17 The surgery procedures were assigned to the 15 eyes of the 14 study monkeys as follows
Seven monkeys (three young; four older) each provided one eye for surgical intervention (ICLE, n = 5; ECLE, n = 2); the opposite eye was iridectomized but otherwise was surgically untouched and served as a contralateral control eye for morphologic examination. Two of these monkeys (older ICLE, n = 1; older ECLE, n = 1) did not undergo UBM imaging, but the eyes did undergo measurements of the ciliary muscle during morphologic examination.
One additional young monkey also received unilateral ICLE (Wieger’s ligament remained intact) but was not euthanatized and was retained for another study.
Another older monkey contributed one eye to the ICLE group and the opposite eye to the ECLE group. Surgery in this monkey’s second eye was allowed by the veterinary staff of our institution and the Institutional Animal Care and Use Committee, since the surgery was performed at a separate time point from the procedure in the first eye, and cognitive behavior was observed by laboratory personnel and veterinary staff, to ensure that the animal was functioning normally before and after surgery. If signs of visual or other distress had been observed, the animal would have been euthanatized. However, no overt signs of distress were noted in any animal.

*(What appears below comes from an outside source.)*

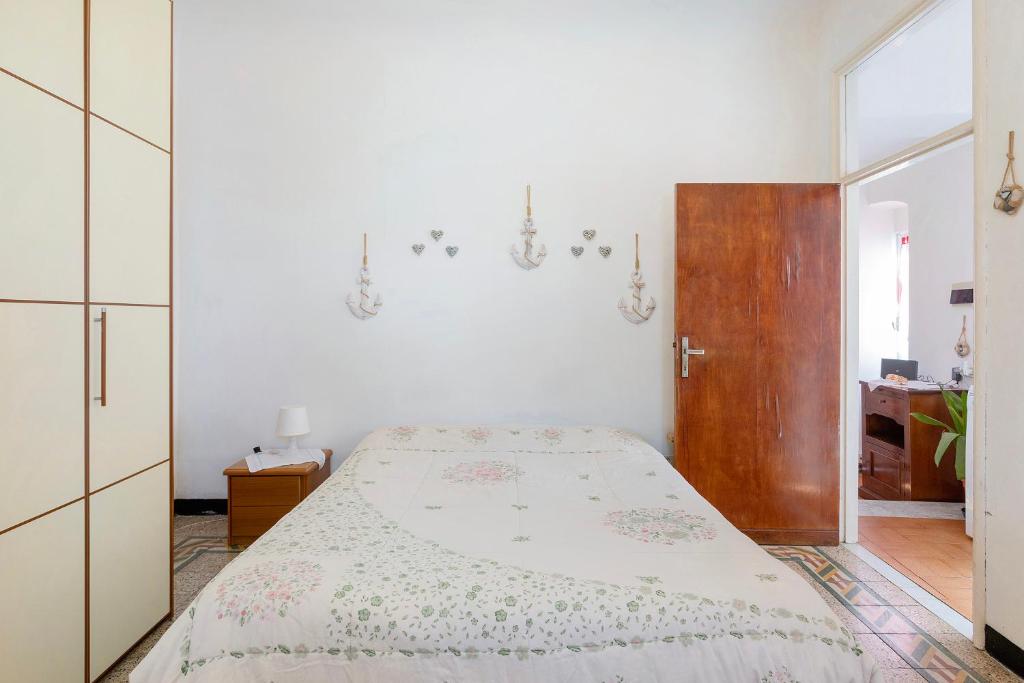 a bedroom with a bed and a wooden cabinet at Dalla Ire in Lerici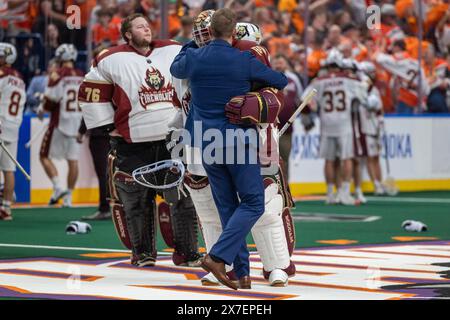 18 mai 2024 : Doug Jamieson (30 ans), gardien de but d'Albany Firewolves, se console après avoir perdu le Championnat NLL au profit des Buffalo bandits. Les Buffalo bandits ont accueilli les Albany Firewolves dans le deuxième match de la finale de la National Lacrosse League au KeyBank Center à Buffalo, New York. (Jonathan Tenca/CSM) Banque D'Images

In the five other monkeys (three young; two older), surgical procedures were performed in one eye (ICLE, n = 3; ECLE, n = 2). However, the postsurgical clinical examination of these five eyes uncovered surgical or technical complications: ciliary body degeneration (n = 2, ICLE); severing of the posterior zonular attachments (n = 1, ICLE); and perforation of the posterior capsule; capsular fibrosis, and lens cell regrowth with pronounced presence of pearls and Soemmering’s ring (n = 2, ECLE). These complications probably would have affected the accommodative apparatus in ways not intended by the surgery, which was designed to disrupt a specific part of the accommodative apparatus. Therefore, the decision was made, before postsurgical imaging, not to include postsurgical imaging data for these five eyes in the study. Subsequently, in each of these five monkeys the contralateral eye also underwent surgery (ICLE, n = 3; ECLE, n = 2). These eyes were free of postsurgical complications, based on clinical examination, and the postsurgical imaging was completed according to protocol. Again, cognitive behavior was observed for overt signs of distress after surgery in the second eye. However, the animals’ function in their cage environment appeared normal. For the older animals, the loss in accommodative ability (through either ECLE or ICLE) is not really a change since most, if not all, of their ability to accommodate has already been lost. For the younger animals, this meant an adjustment to the presbyopic condition at an earlier age. In either situation (young or older animals), the visual space is restricted when looking around the room. The strategy of using the second eye in these monkeys under the careful constraints indicated was used to avoid major intracranial surgery in additional monkeys. All the eyes underwent morphologic examination with the exception of the monkey that was retained for further study and not euthanatized.
In total, 15 eyes of 14 monkeys were included: for ICLE, 10 monkey eyes; 5 young, 5 older; and for ECLE, 5 monkey eyes; 2 young, 3 older.